Remembering that temperatures vary by only small degrees here the slow collapse of Summer into Autumn is really only evident through the noticeable fading light. Though we still have a lot more daylight than further south at this time, change is unmistakable. Crocosmia is in its pomp, a tough South African import that does very well here.


September sees the arrival of the last major festivals of the season. The penulimate is the Orkney International Science Festival  Sept 6th-12th, (2012), an eclectic mix of fresh insights, challenging ideas and lively activities. Topics range from astronomy to zoology, from renewable energy to rural transport, with world-class speakers from many places.
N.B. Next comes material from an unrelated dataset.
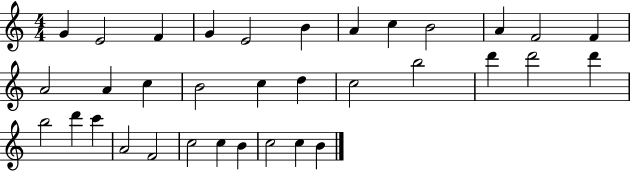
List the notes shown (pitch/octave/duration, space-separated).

G4/q E4/h F4/q G4/q E4/h B4/q A4/q C5/q B4/h A4/q F4/h F4/q A4/h A4/q C5/q B4/h C5/q D5/q C5/h B5/h D6/q D6/h D6/q B5/h D6/q C6/q A4/h F4/h C5/h C5/q B4/q C5/h C5/q B4/q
Activities include talks and exhibitions – plus concerts, outings, art, music and ceilidhs.

In the decade that I have lived in Orkney, the Science Festival week has become a fixed date in my diary. Founded by the ubiquitous Howie Firth 20 year ago the festival is now well established on the world stage and can be a great mixture of arts, philosophy, metaphysics and science. It remains an outstanding week of discourse for all enquiring minds. It is based primarily in Kirkwall.

Following the brain food comes soul food with the Orkney Blues Festival 21st-23rd Sept (2012). This event has been revitalised and revamped in the last few years and has become a greatly enjoyable weekend with an intimate embiance and international line-up.

This time is autumn changeover for Orkney Birds. The endlessly light days begin to shorten and with the nearing end of summer things fall quiet; the summer visitors hopefully lead their young away for their first migration. Soon numbers start to drop and mass migration is underway. This also heralds the exciting possibilities of rare and unusual birds making unscheduled stops for food and rest.

During this time the winter visitors start to return and the seasonal change is confirmed with the first great skeins of Greylag geese arriving from Iceland.

The occupation of the fields and shore now starts to change. Thrushes from the northern climes; Redwings and Fieldfares, start to dominate the open spaces. Flocks of waders start to swell with incomers - Lapwing, Redshank, Curlew and Golden Plover increase; sometimes to flocks of a thousand birds or more.roofcut.jpg

From late August onward the country gardener awaits the first Autumn gales. These can arrive as early as August 20th or as late as mid-October. In all but the most protected gardens of Kirkwall or Stromness planting a genuinely Autumnal garden here would be a somewhat sole destroying and thankless task, for it will be viciously set about with wind driven baseball bats long before it has a chance to mature and you will be very lucky to see anything other than a badly battered version of your dreams.

For us at Heddle it is the time of year to cut the grass on the turf roof, an annual event to keep out perennial weed development.


Of course some years the first autumn storms are late and these years allow the garden to reach a degree of beauty and maturity that keeps us going through the bad times. Blooming Potentila keeps going well into November and sometimes the garden keeps looking great far longer than you had ever hoped.

In both 2006/7 September through to Mid-October have been the best time to be here.

With the ending of the school holidays and the general slowing down of the season the island feels emptier and with the best weather of the year added to this general absence of folk those who have been lucky enough to be here have had a great bonus. Not so true in 2008 when the Summer closed on Sept 30th and Winter started on October 1st. But that is life in the Northern Isles.

After much hard work and discussion by some key individuals 2010 saw the welcome re-birth of the Orkney Story Telling Festival. This turned out to be a very successful  Autumnal weekend of fireside tales and local legends told by a mixture of splendid local and international storytelling Masters. This year it is scheduled for the weekend of 25th-28th October (2012). A welcome late season addition to the diary I am sure this event will continue to go from strength to strength as the years go by, building on the great success of 2011.